Source information Block Start
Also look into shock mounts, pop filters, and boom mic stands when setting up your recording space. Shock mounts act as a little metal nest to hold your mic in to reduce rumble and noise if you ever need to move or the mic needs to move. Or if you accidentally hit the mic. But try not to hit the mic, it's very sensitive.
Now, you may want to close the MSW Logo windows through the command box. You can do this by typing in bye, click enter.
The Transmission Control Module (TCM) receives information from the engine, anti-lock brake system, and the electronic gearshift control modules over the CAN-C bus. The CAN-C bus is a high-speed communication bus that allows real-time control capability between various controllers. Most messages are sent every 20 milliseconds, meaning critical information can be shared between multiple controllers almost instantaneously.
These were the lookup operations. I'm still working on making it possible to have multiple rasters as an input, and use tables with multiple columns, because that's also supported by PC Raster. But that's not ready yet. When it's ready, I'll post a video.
Source information Block End
Source information Block Start
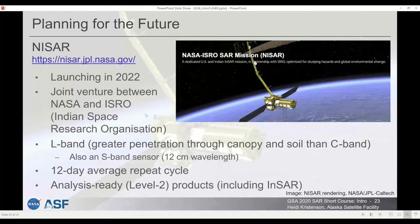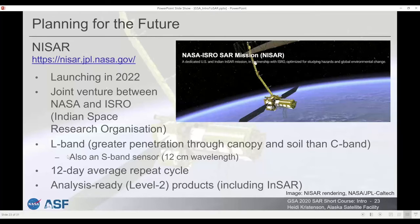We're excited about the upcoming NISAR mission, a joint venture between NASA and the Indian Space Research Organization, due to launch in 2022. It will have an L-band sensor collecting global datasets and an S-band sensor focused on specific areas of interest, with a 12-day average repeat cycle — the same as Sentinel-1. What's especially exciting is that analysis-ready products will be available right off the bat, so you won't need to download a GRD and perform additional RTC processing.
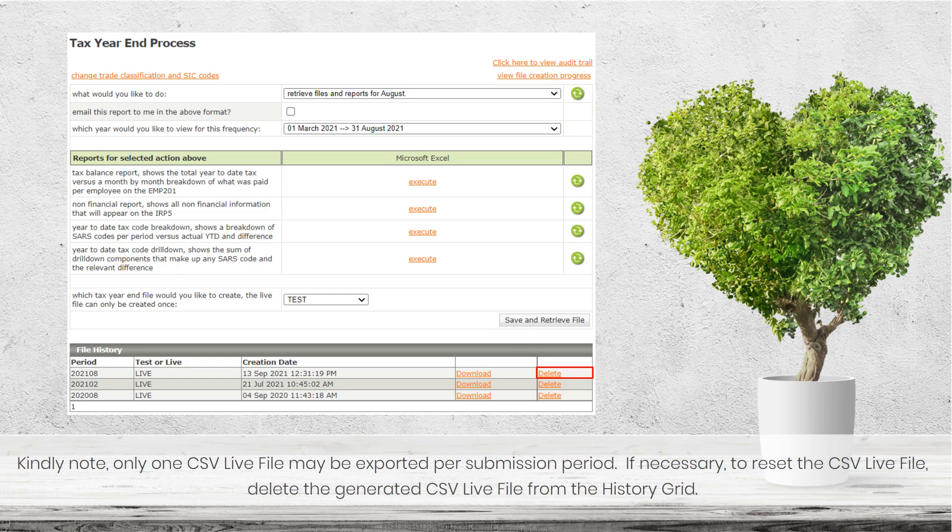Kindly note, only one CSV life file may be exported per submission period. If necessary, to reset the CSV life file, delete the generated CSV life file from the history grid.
Source information Block End
_What to work on_
Of the lines above, extract only those from the line with "Also look into" to the line with "Now, you may", both included, exactly as written.

_Exercise output_
Also look into shock mounts, pop filters, and boom mic stands when setting up your recording space. Shock mounts act as a little metal nest to hold your mic in to reduce rumble and noise if you ever need to move or the mic needs to move. Or if you accidentally hit the mic. But try not to hit the mic, it's very sensitive.
Now, you may want to close the MSW Logo windows through the command box. You can do this by typing in bye, click enter.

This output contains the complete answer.